That hardly worked when implemented in the GDPR, where this exchange is most often "free". Why would it work this time?


Sorry, what do you mean ""that" hardly worked"? Making any regulation at all? The GDPR did not do at all what I proposed.


There is a (lazy) line of argument related to GDPR, cookie banners, etc. that goes something like this: "That legislation failed, thus any legislation will fail." It was a while since I did proof by induction, but I do believe there is some step missing here.

Personally, I am open to an argument that any legislation is folly. But we need to raise the discourse rather than just bash legislative failures (or merely partial successes) of the past.


I wasn't trying to make the argument that since some parts of the GDPR didn't work out as intentended/hoped, other legislation will fail too.

My point was specifically that the GDPR put a law in place that when you send private data from users to third parties, you must ask the user for permission and allow that user to decline this and then not send that users' private data to these third parties.

The idea and intention and hope is clear: that site/app/platform owners don't send/sell data to other parties.
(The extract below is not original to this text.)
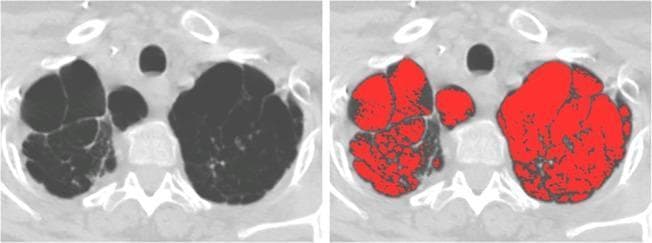 This diagnostic image consists of two panels showing axial chest CT scans of a patient with cystic fibrosis (CF) undergoing lung transplant evaluation. Panel A (left) displays the raw CT data at the level of the lung apices, showing extensive, bilateral bullous emphysema. The parenchyma is replaced by large, thin-walled, air-filled cystic spaces (bullae), with the left lung demonstrating more severe confluent destruction compared to the right. Panel B (right) shows the same image with automated densitometry quantification applied. Areas with Hounsfield Unit (HU) values below -950 (indicative of severe emphysema/air trapping) are highlighted with a red mask. This computer-aided quantification (IN-950) measured the emphysematous volume at 17.9%, correlating with a moderate histopathological score. The image illustrates the use of quantitative CT imaging in assessing obstructive lung disease and surgical candidacy in advanced pulmonary pathology.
Or, if they still do so, are punished by having to nag users with popups/banners etc.

The ad industry then spun this around, ensured that virtually every site nags users (mitigating that punishment), continue harvesting data exactly like before, and -above all- pursuade the general public that "the EU is forcing you to click cookie banners all day" or similar double-speak.

With which I was trying to put forward that any legislation must be a lot better than what the GDPR did here. So as to avoid being circumvented by the industry and also hated by the public.


Ok, sure, but that's exactly what I said: simply outlawing advertising leaves a lot less wiggle room than allowing it but with some minor semblance of consent.